Optimizing data management to streamline antimalarial research

2020
Dominique Besson

Dominique Besson tells us more about the processes that MMV has put in place to manage the huge quantities of data generated by its partners

 MMV’s Discovery team is routinely working on more than 25 research projects, supported by 25 technology platforms. These platforms, which are located all over the world, test very large numbers of compounds to evaluate their activity against different stages of the parasite life cycle. Central to the success of this large-scale research effort is a streamlined system of storing, tracking and dispatching compounds to MMV’s partners, which enables rapid delivery of compounds throughout the world to accelerate drug discovery initiatives.
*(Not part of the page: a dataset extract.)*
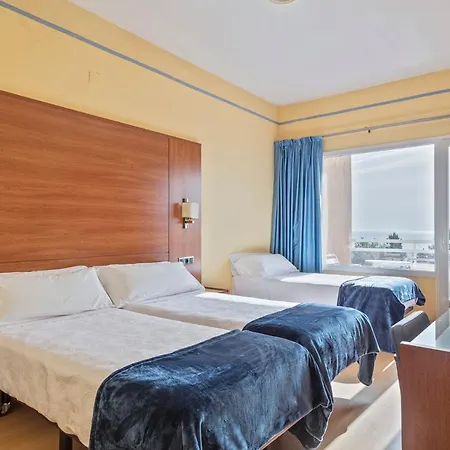 Sant Jordi Hotel Tarragona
The workflow also generates large volumes of data that must be deposited in a standardized format, stored securely and easily accessed by the relevant teams.

 Please tell us about your work as Associate Director, Discovery Data at MMV.

 In the context of a virtual R&D organization like MMV, it is important to ensure homogeneity in the way that data is collected, analyzed and reported. In my role, I have two main responsibilities. Firstly, as a compound manager, I ensure that molecules for testing are available at the right time and are of the right quality. Secondly, as a data manager, I check that the data generated by MMV’s various research partners are comparable, by making sure, for example, that all results are reported in the same standardized units. Day to day, I have certain ‘preventive’ duties, such as formulating rules, processes and guidelines relating to the database, as well as providing appropriate training to both internal and external end-users. In addition, I have ‘corrective’ duties, such as taking actions to correct processes or workflows whenever MMV’s quality control guidelines are not followed properly.

What is the importance of databases in research?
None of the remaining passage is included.